Je l’ai recouvert de plastique, pour ne pas le tacher. Il ne
manquerait plus que ça : de la graisse, une bavure de café sur
la belle page bicolore blanc/marron pâle. Je ne veux
dénoncer personne, mais j’en ai vu, des 13-0021 maltraités, des
froissés, des demi déchirés, des franchement dégueulassés. La
pauvre consule générale adjointe en avait des haut-le-coeur,
rien qu’à les parcourir.
Aucun risque de ce genre avec moi. Je le respecte, cet
imprimé, je vous le jure, je le vénère, autant que mon livret
de famille. Je sais trop ce qu’il représente : la clé d’entrée
dans votre beau pays, celui de Molière, Victor Hugo et
Charles de Gaulle.
Bien sûr, le plus simple serait de se rencontrer.

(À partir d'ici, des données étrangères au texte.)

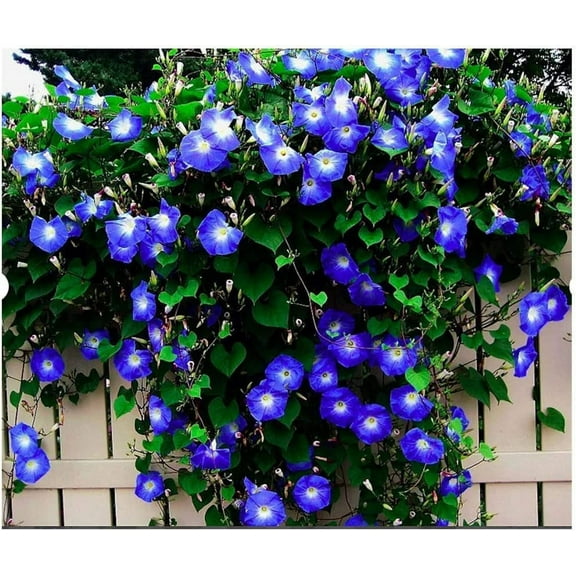 CZ Grain 250 Heavenly Blue Morning Blooming Vine Seeds, Non-GMO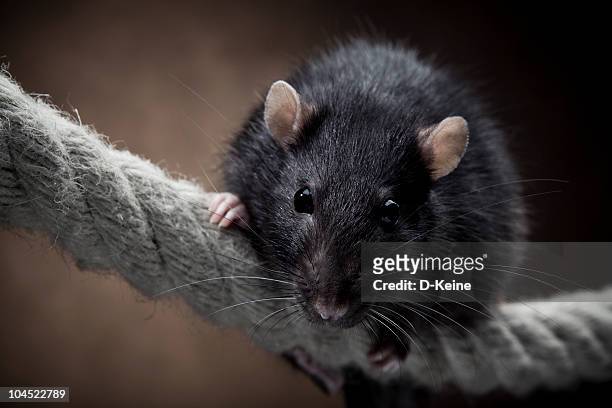 rat - domestic animals stock pictures, royalty-free photos & images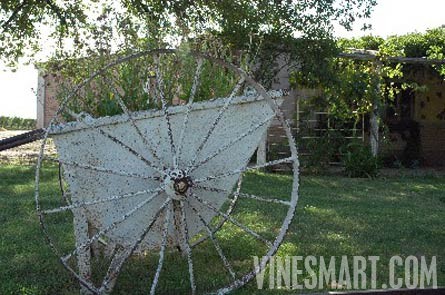 Fine Wine Vineyard For Sale, Mendoza, Argentina - Wine Real Estate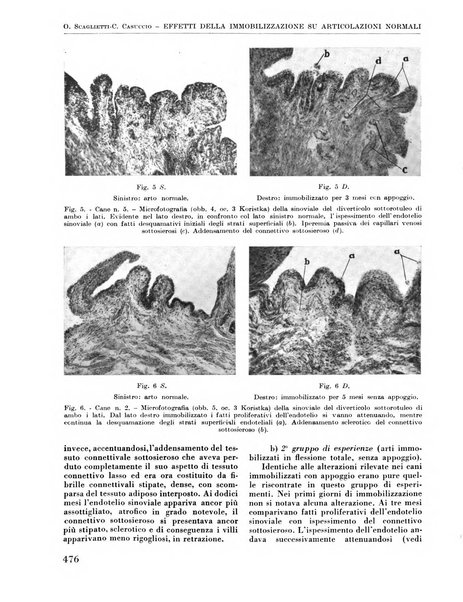 La chirurgia degli organi di movimento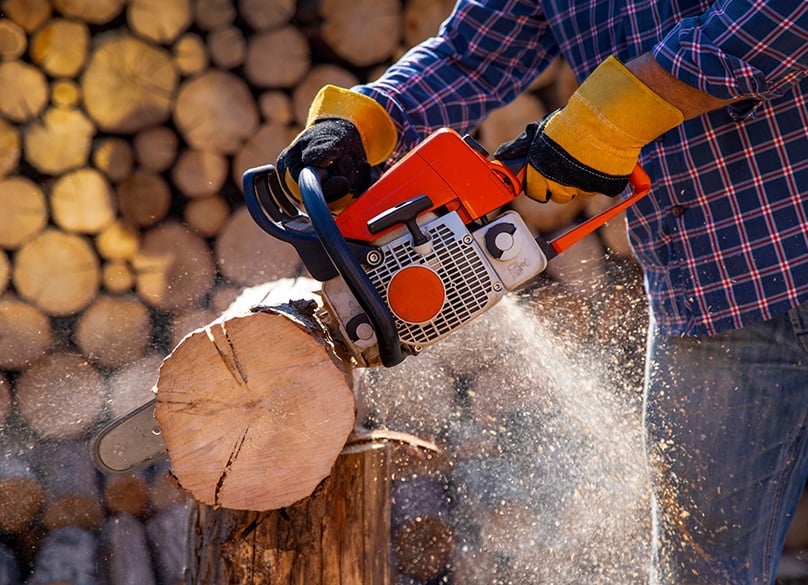 Best Electric Chainsaws Reviews 2023 Complete Buyer's Guide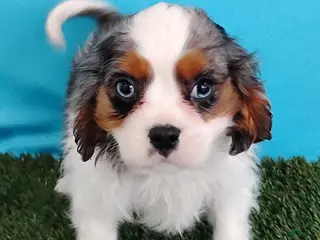 Cavalier King Charles Spaniel dogs Paxton - Ad 21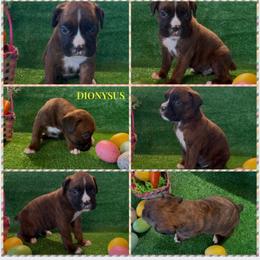 DIONYSUS -AKC - Brindle male Boxer puppy in Verden, Oklahoma from Bar H Boxers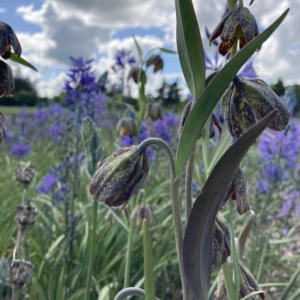 checkered yellow and brown/purple flowers nod downwards from gracefully curving stems.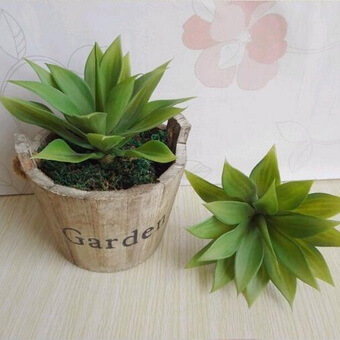 Агава (agave): что это такое, описание суккулента и его плодов, фото сортов цветка, история происхождения комнатного растения и на каком материке оно обитает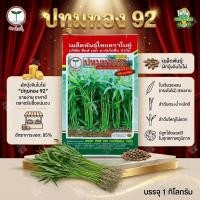 ราคา เมล็ดผักบุ้งจีน ปทุมทอง 92 ขนาด 1 กิโลกรัม (ยกลัง 20 ซอง) อัตราการงอก 85% ผักบุ้งใบไผ่ ผักบุ้งจีน (53458127453)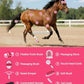 11PCS Horse Grooming Kit Curry Comb Sweat Scraper Horse Bathing Supplies Grooming Tools with Storage Bag Pink Garnet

Incognito. À l’endroit le plus pratique pour vous. Pourquoi
pas une très discrète salle de transit, en votre aéroport de
Roissy ? Des amis m’ont raconté comment ça se passait à
l’arrivée de l’avion. Dès l’ouverture des portes, on sépare le
bon grain de l’ivraie. À droite, une file pour les Blancs. À
gauche, une file pour les Noirs. La file de Blancs avance à
belle allure. Normal. Ils sont chez eux. Bon retour au pays,
monsieur blanc, madame blanche. On dirait que les
policiers leur ouvrent les bras, comme s’ils étaient de la
famille. Peut-être que tous les Blancs ont des policiers dans
leur famille. Pendant ce temps-là, les peaux plus foncées
patientent, interminablement. Tandis que d’autres policiers,
ou peut-être des diamantaires déguisés en policiers,
examinent à la loupe, aidés par des lampes spéciales à
ampoule rouge, les documents crasseux qu’on leur a
présentés.
Je pourrais me trouver là, dans la ligne qui piétine. Au lu
de mon nom, deux solides gaillards me mèneraient vers
vous. On me prendrait pour une tricheuse, une fauxpapiers.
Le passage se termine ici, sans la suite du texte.